Question two, use a rule of thumb to measure out the below.
So for part A, one and three eighths of an inch and part B, two and three 16 of an inch, pause and do this now.
Question three part A, how many millimetres on a centimetre? Part B, how many micrometres in a millimetre, Part C, how many micrometres in a centimetre, and part D, engineers can laser cut to precision of 2.
5 times 10 to the negative five metres.
What fraction of a centimetre is this? Pause the video while you work these out now.
Time to go through our answers.
For question one part A, the arrow was indicating two and a half inches on the ruler.
Part B, the arrow is indicating one and three quarter inches on the ruler.
And for part C, the arrow is indicating one and three eighths of an inch on the ruler.
Well done if you've got those right.
Question two, using the rule of thumb, let's see where you should have put these.

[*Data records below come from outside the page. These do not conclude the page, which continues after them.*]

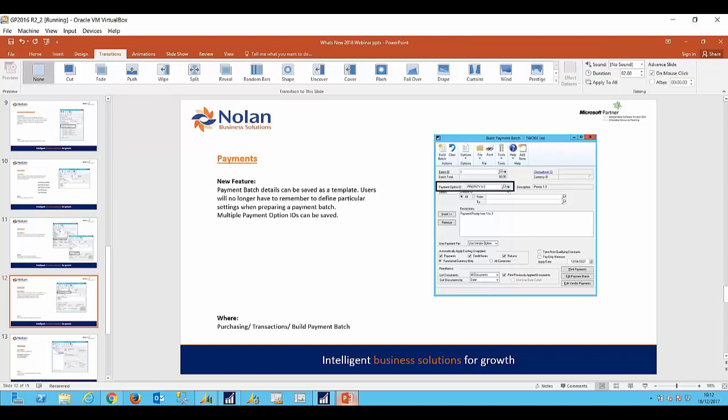Okay, so this next feature is in my opinion an extremely useful feature for any users who perform payment runs. They will know that a gap in the functionality in the past has been the ability to store particular batch settings as a template. If you carry out frequent payment runs and use the same settings time and again, then those settings would of course have to be entered time and again. But now we are able to create what are called payment option IDs, effectively templates, and store them for future use. We can also store multiple payment option IDs.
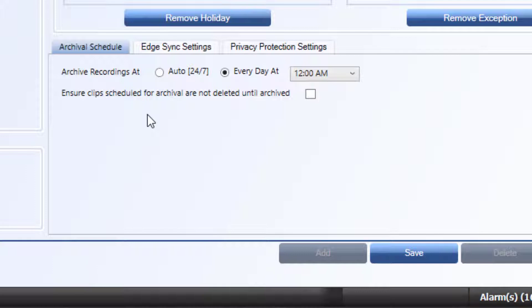Decide how you would like MaxPro to handle the clip backups. 24x7 is a rolling backup. This option is good if you want immediate backup of clips as they are created. This option is great for data integrity, but will use more processing and bandwidth.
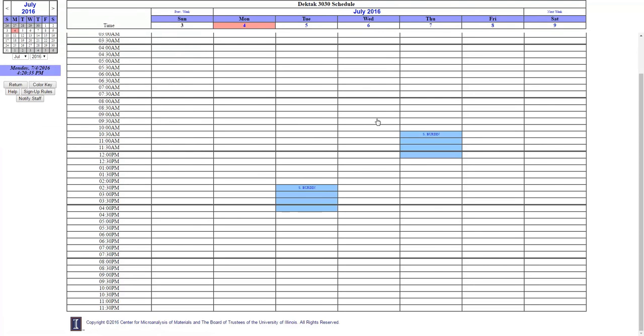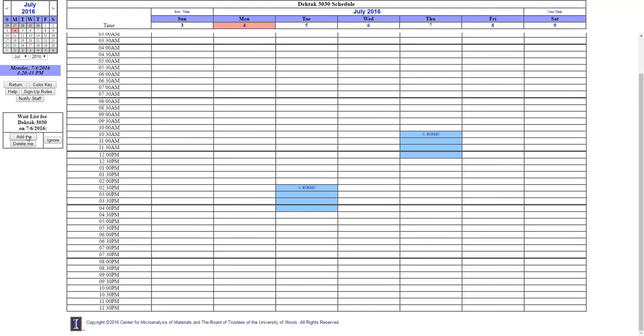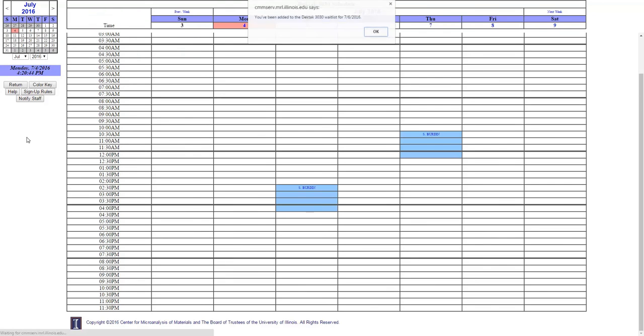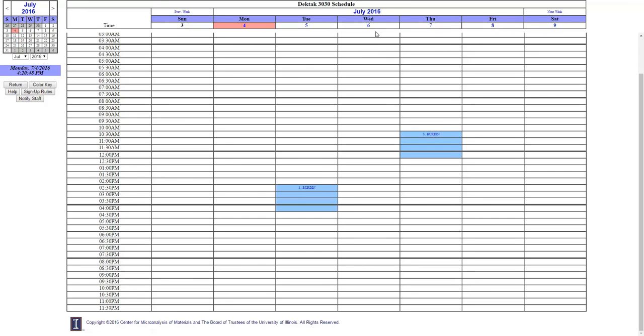If you want to know when another researcher has canceled time, you may add yourself to the waitlist by clicking on the blue links at the top of the page, and then you will be added to the waitlist for that day, and you will get an email when someone cancels time.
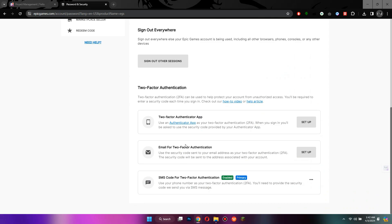As you can see, I have the mobile authenticator turned on, but for this tutorial, I will show you through email.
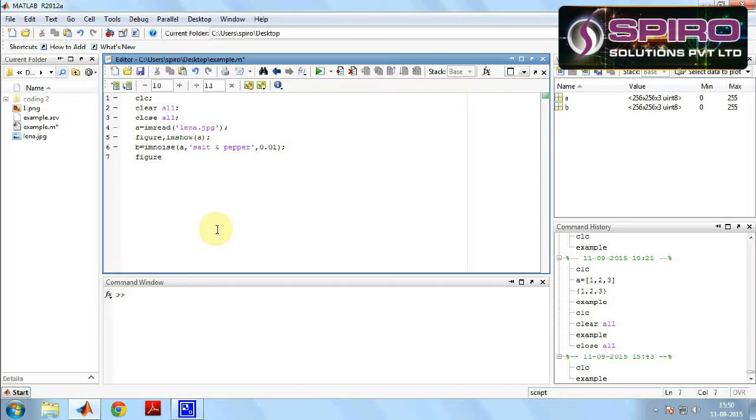Then I'm going to add a salt and pepper noise. So imnoise of a, that a image we have to add the salt and pepper noise with the parameter of 0.01.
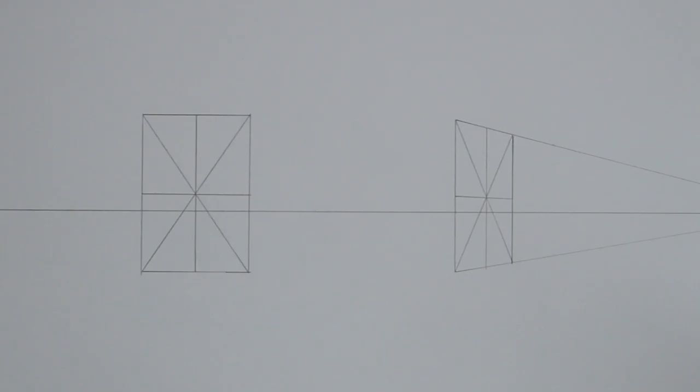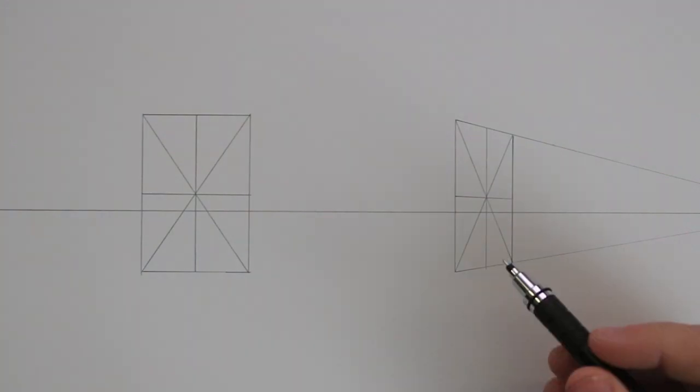Now let's take a look at how to multiply rectangles in perspective. Here I have what I had drawn previously when showing how to divide them up. Once you have it divided up like so, you are able to use these divisions to multiply this rectangle and create another one that is identical in size.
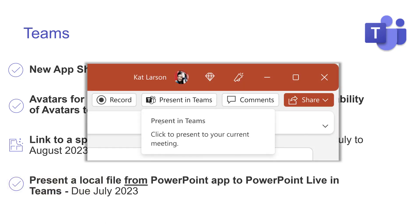Present a local file from the PowerPoint app to PowerPoint Live in Teams. If you're on a call and you have a PowerPoint file open on your desktop that isn't saved in the cloud, you'll be able to present it in Teams even though it's not connected. It will upload a copy and then start sharing. Due July, so anytime now that should be available to you.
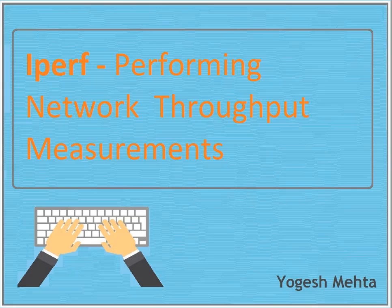Hello and welcome to the session friends. My name is Yogesh Kumar. In today's session we are going to talk about performing network throughput measurements.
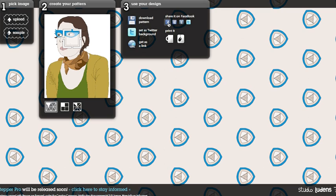You can share it on Facebook, MySpace, Twitter or you can create a product with your pattern on it.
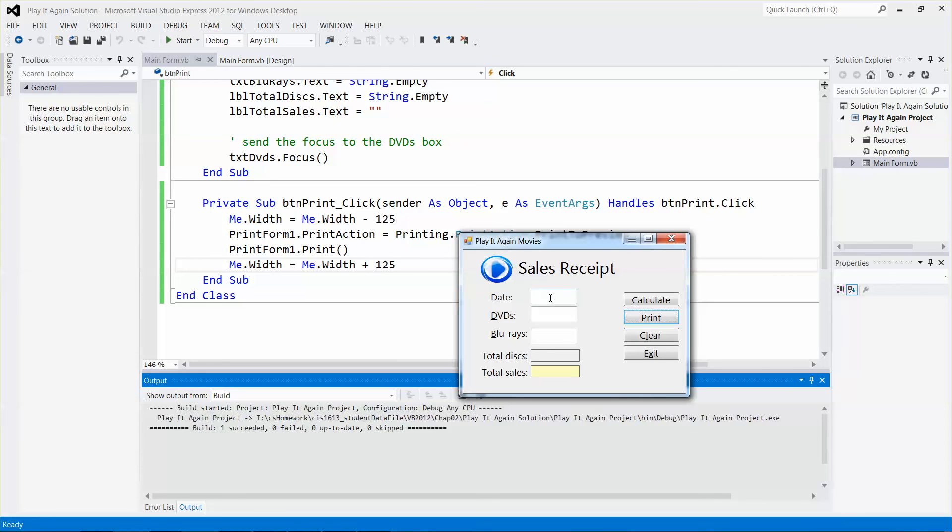Then you can print out different receipts based on different inputs. That will be all. Let me stop it right now.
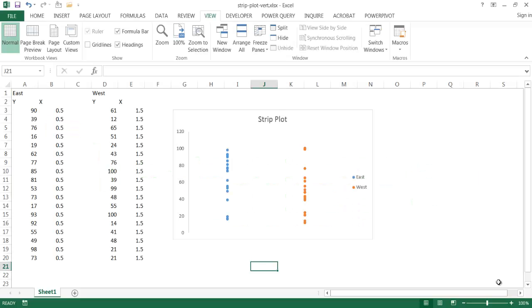Hi, in this video I'm going to show you how to create a strip plot, more specifically a vertical strip plot.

So there's our one and three eighths of an inch, and for part B, there is our two and three sixteenths.
Now remember if got very close to this, that's brilliant, well done.
So for question three part A, how many millimetres in a centimetre? Well, there are 10.

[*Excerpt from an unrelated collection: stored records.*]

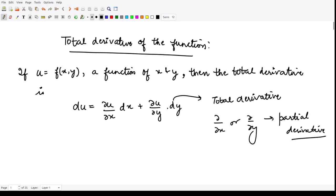This is how we calculate the total derivative of the function, and here it does not matter whether x or y are independent or dependent of each other.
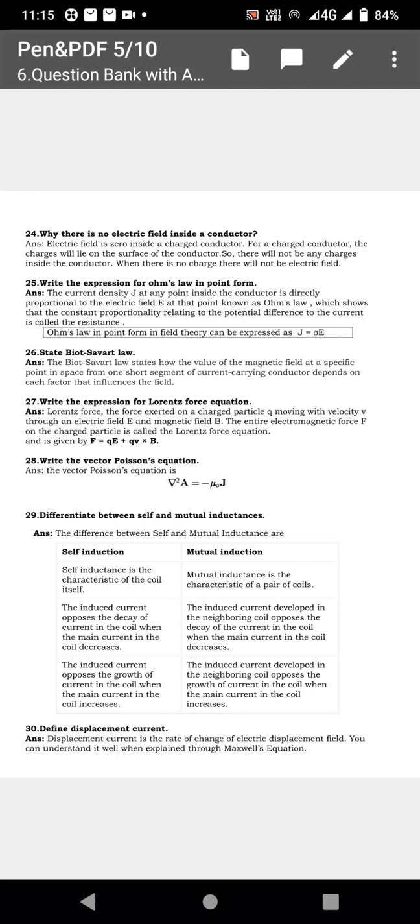Previously two marks questions were discussed. Now the two marks questions continuation — you can download the PDF from the link in the description for preparation. You can listen to the entire video and then download it.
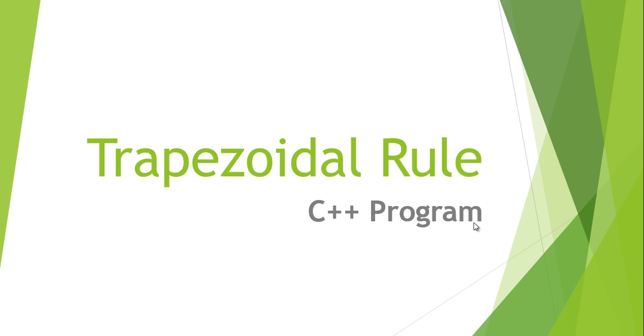Hello guys. Now in this tutorial I will be showing you how to create a C++ program for definite integration using the trapezoidal rule.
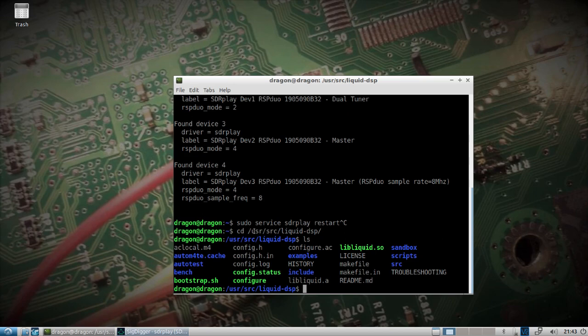That's just showing you some uses of the SDRplay RSP Duo and how to use its dual tuner feature within Linux. Alright, thank you.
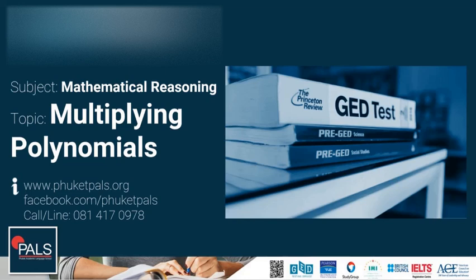Hello and welcome to GED Mathematics Live at PALS. In this video, we will be talking about multiplying polynomials.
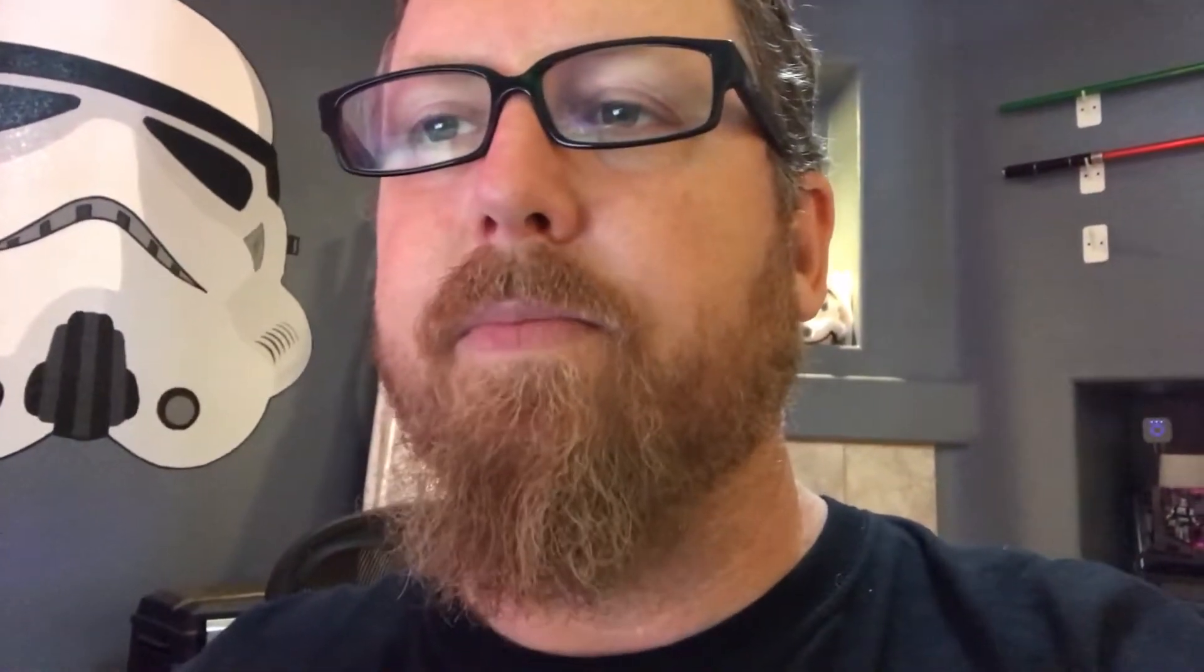I've got the Graflex with the Nano Biscotti, and I've also got the Guardian. The Guardian's an Ultra Saber with a Diamond Controller, so it allows for a little more real-time configuration. Let me go to them.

Part B, how many micrometres in a millimetre? Well, then we needed to take the millimetre, and divide it by the micrometre measurement to show that there are a thousand micrometres in a millimetre.

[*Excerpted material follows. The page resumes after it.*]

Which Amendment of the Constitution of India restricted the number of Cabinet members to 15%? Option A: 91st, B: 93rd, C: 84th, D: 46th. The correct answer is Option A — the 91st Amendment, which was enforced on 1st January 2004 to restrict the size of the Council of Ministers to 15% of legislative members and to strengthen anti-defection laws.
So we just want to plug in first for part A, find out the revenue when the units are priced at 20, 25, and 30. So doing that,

And then how many micrometres in a centimetre? There are 10,000.
In Part D, we asked what fraction of a centimetre is this? So when we work this out, we discovered that the fraction is one 400th.
Well done if you got that right.
Can you imagine one 400 of a centimetre? That is the kind of precision engineers operate to.
It's now time for the second part of our lesson, and that's looking at other applications of maths and engineering.
Now a Mason's Rule is often a five foot folding rule, and it was five for a reason.
I wonder why that might be.
Well, we're building the wall early in the process, a mason would measure three foot up the wall and four foot from the base.
They would then see if the five foot rule fitted.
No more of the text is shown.